Dans leurs dernières écritures en réponse, MM. [M] et [C] ainsi que la SELARL LES 3 CLINIQUES et la compagnie ALLIANZ concluent à l'infirmation du jugement en ce qu'il a retenu la responsabilité des vétérinaires et, statuant à nouveau, dire que ni M. [M] et ni M. [C] n'ont commis de faute et, en conséquence, débouter les consorts [J] de leurs demandes de ce chef, subsidiairement, dire que le préjudice moral ne saurait être supérieur à 300 000 Fcfp et 60 000 Fcfp le préjudice matériel, en tout état de cause, condamner les consorts [J] à leur payer la somme de 450 000 Fcfp sur le fondement de l'article 700 du code de procédure civile.
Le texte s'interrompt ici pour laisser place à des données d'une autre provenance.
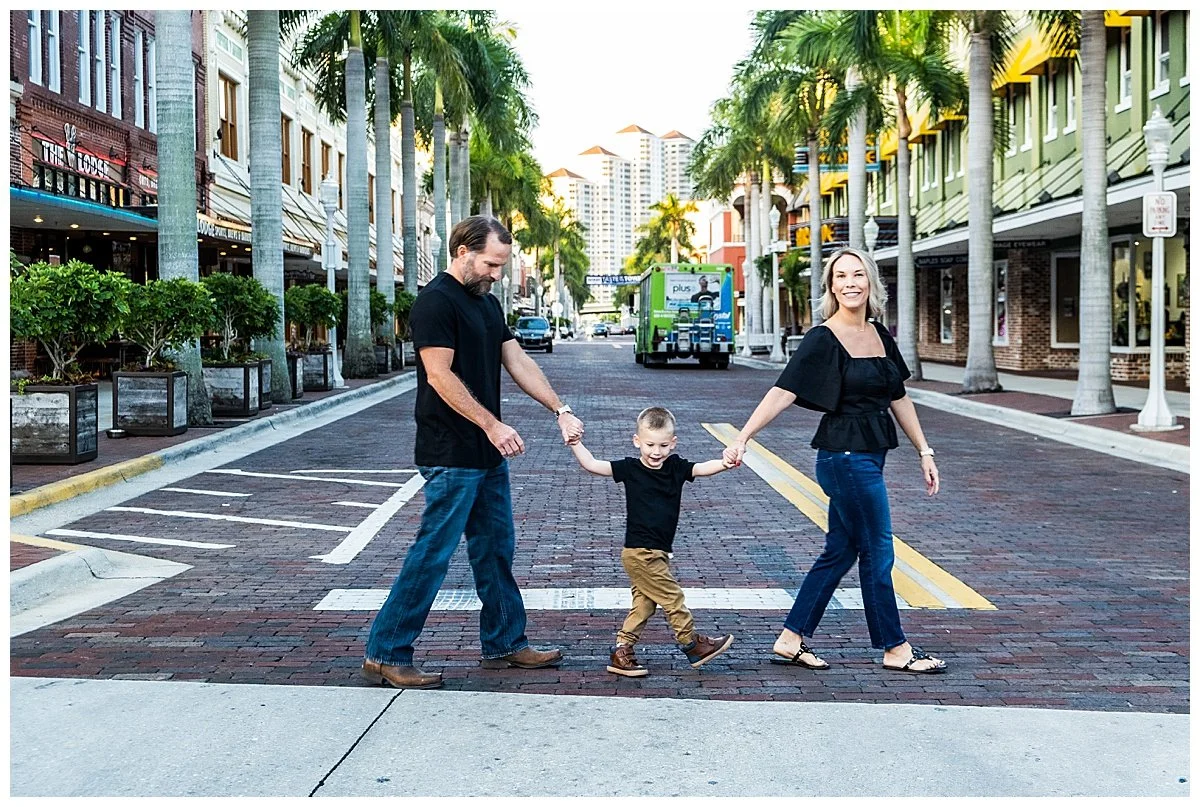 A family of three crossing a city street with palm trees, shops, and apartments in the background. The child is holding hands with his parents and smiling, while the father and mother hold the child's other hands and walk on either side.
Vu les moyens et motifs développés par les parties,
Vu l'ordonnance de clôture.
MOTIFS DE LA DÉCISION
Sur la responsabilité
Le vétérinaire est principalement tenu d'une obligation de moyen : il doit mettre en oeuvre tous les moyens appropriés pour soigner l'animal. Il est également tenu d'une obligation de moyens dite renforcée dans quelques situations particulières, lorsqu'il s'agit d'actes médicaux banalisés ou directement liés à la compétence professionnelle.
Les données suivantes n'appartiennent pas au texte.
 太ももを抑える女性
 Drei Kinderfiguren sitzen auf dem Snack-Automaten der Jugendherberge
De la même manière, pèse sur le vétérinaire une obligation d'information qui fait partie intégrante du contrat de soins. Conformément au code de déontologie, l'information donnée doit être « loyale, simple et intelligible ».
En l'espèce, la cour approuve le premier juge d'avoir retenu la responsabilité des docteurs [M] et [C].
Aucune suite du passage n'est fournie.